Four US law enforcement organizations have warned that a single provision in the CLARITY Act, the country's flagship crypto market structure bill, could carve out a class of crypto participants from know-your-customer and anti-money-laundering obligations. The concern, reported by journalist Eleanor Terrett and circulated by Cointelegraph on June 24, 2026, centers on Section 604 and the way it redraws who counts as a money transmitter.
The fight is narrow on paper and large in consequence. Section 604 does not rewrite the entire compliance regime. It changes one definition. Definitions in financial law decide who has to collect identity documents, file suspicious activity reports, and answer to the Treasury, so a small edit there reaches a long way.
The money transmitter line being redrawn
Section 604 narrows the circumstances under which a non-custodial software developer can be treated as a money transmitting business. The drafting intent is to protect people who write code but never touch user funds. Under the provision, building non-custodial software, without direction or control over the money and without knowledge of criminal proceeds, would no longer by itself trigger money transmission liability.

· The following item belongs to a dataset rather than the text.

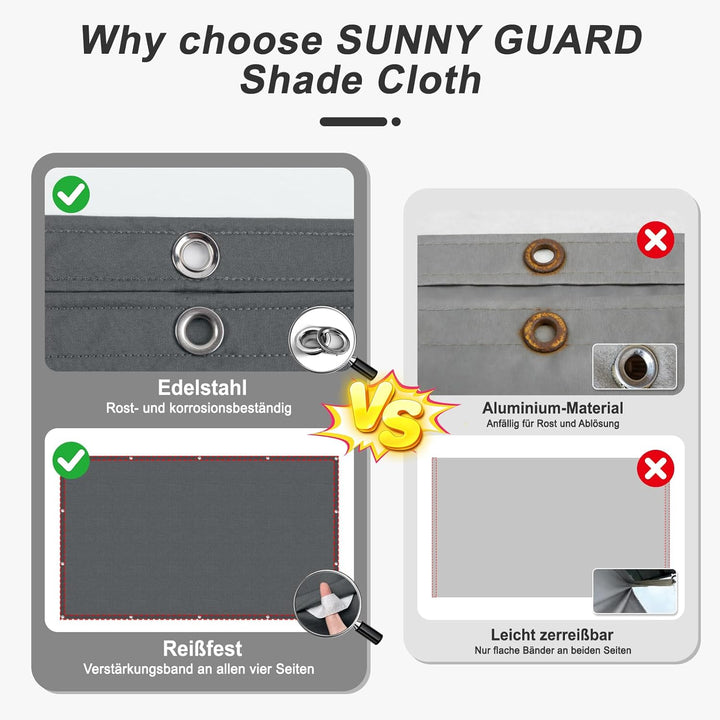SUNNY GUARD Sonnensegel Wasserdicht 1.5x2m Rechteckig mit Ösen Segel Sonnenschutz Wetterfest UV Schu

Supporters point out that the criminal carve-out under 18 USC 1960(b)(1)(C) stays intact. That statute makes it a federal crime to knowingly move funds tied to an offense, and it underpinned the Helix mixer prosecution and similar cases. On that reading, Section 604 trims a regulatory classification, not the criminal tools investigators already use.
The agencies' objection
The four law enforcement groups read the same text and see a gap. Their argument is that narrowing the money transmitter definition removes the regulatory hook before the criminal one is ever needed. Money transmitter status is what forces a business to run identity checks and report suspicious flows in the first place. Strip that status from a category of actors and the early-warning layer disappears, leaving prosecutors to act only after illicit funds have already moved.
The specific worry is DeFi. Investigators have said exemptions in the bill would weaken their ability to prosecute decentralized finance entities engaged in illegal money transmission. The dividing question is whether a given operator is a passive code publisher or an active service that exercises real control over funds while presenting itself as software. The bill's critics argue the line is blurry enough that bad actors will reorganize themselves to land on the exempt side.

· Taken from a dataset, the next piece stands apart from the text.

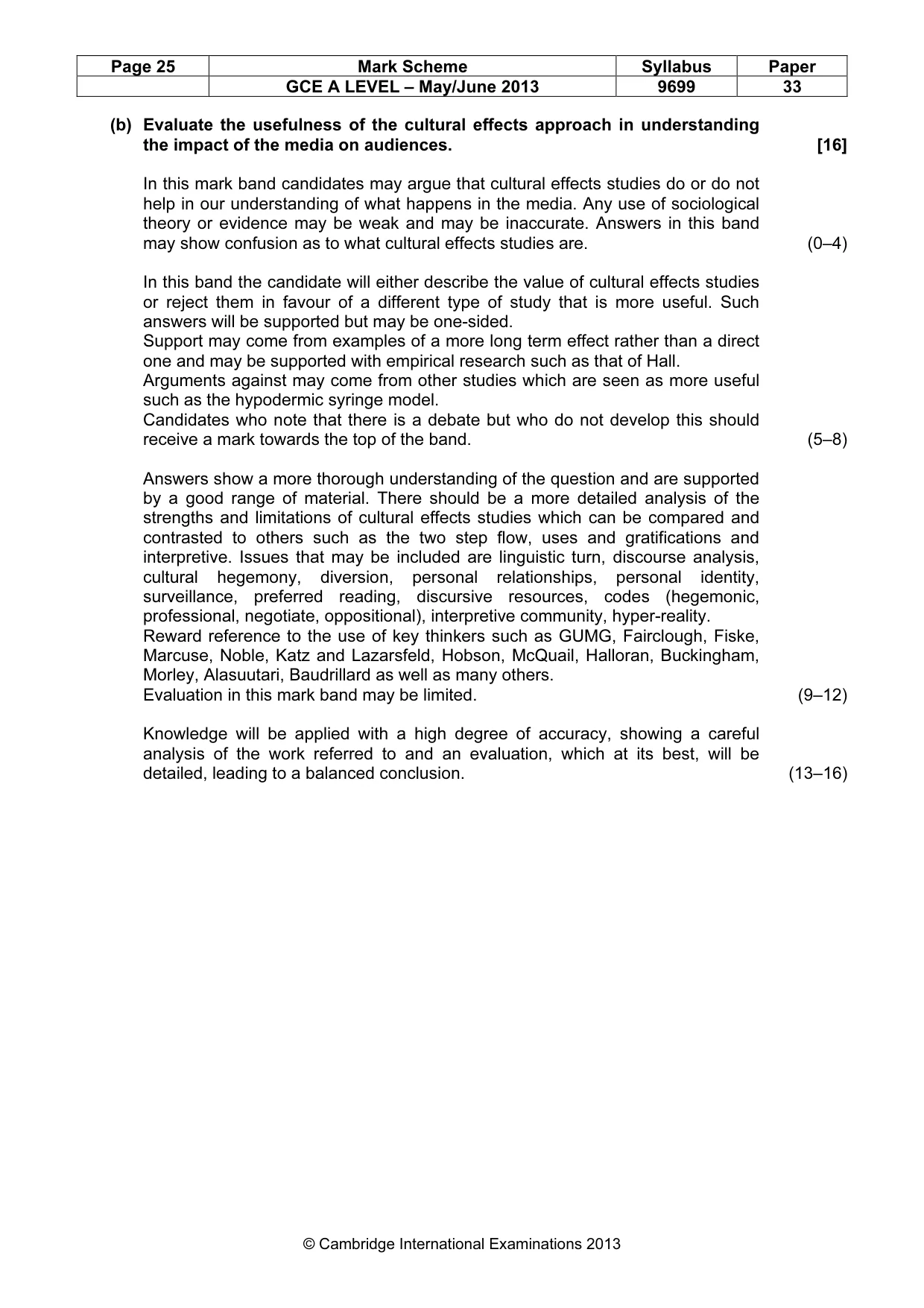 Mark scheme, page 25 of 25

This is the core of the dispute. Backers describe a precise shield for developers. Opponents describe a template criminals can copy.
A definition fight that reaches beyond DeFi
KYC and AML rules are the floor that the regulated side of crypto is built on. Every licensed exchange, on-ramp, and card issuer collects identity data and screens transactions because the law classifies them in a way that requires it. That baseline is also what lets compliant products operate inside the banking system at all.
A debate over who must verify identity therefore touches more than mixer operators and DeFi front ends. It shapes the compliance expectations that sit under the entire crypto card and spending stack, where issuers lean on verified-identity rails to move between crypto and fiat. The same tension shows up at the consumer edge, where demand for lighter onboarding runs straight into the AML obligations regulators expect providers to meet. If federal law softens the definition for one category, the pressure to keep a consistent standard across the rest of the market grows, not shrinks.
There is also a sequencing problem for the United States specifically. The CLARITY Act has been positioned as the bill that finally settles the SEC-versus-CFTC jurisdiction question for digital assets. Bundling a contested AML carve-out into that vehicle means a single provision could either slow the broader bill or ride through on its momentum. Law enforcement raising the alarm now, in public, is an attempt to force the question before a floor vote rather than after.
The state of play
As of June 24, 2026, this is a warning, not a change in law. Section 604 is text in a bill that is still moving, and the law enforcement objection is a lobbying signal aimed at lawmakers weighing amendments. Nothing about current KYC or AML obligations has shifted for any operating business.
The realistic outcomes are narrow. Drafters could tighten the language so the exemption clearly reaches only genuine non-custodial developers and not services dressed as software. They could add reporting requirements that survive the reclassification. Or the provision could pass as written, in which case the test will be litigated case by case as prosecutors and operators argue over who actually controlled the funds. For anyone building or using regulated crypto products, the practical takeaway is to watch the markup stage of the CLARITY Act, because that is where the definition either gets fenced in or left open.
Overview
Four US law enforcement organizations have warned that Section 604 of the CLARITY Act could exempt some crypto participants from KYC and AML requirements by narrowing the definition of a money transmitter. Supporters say it only shields non-custodial software developers and leaves criminal statutes intact. Investigators counter that removing money transmitter status strips the front-line reporting layer and hands DeFi-style operators a way to dodge oversight. As of June 24, 2026, it remains a contested provision in a moving bill, and the markup stage will decide whether the carve-out is fenced in or left open.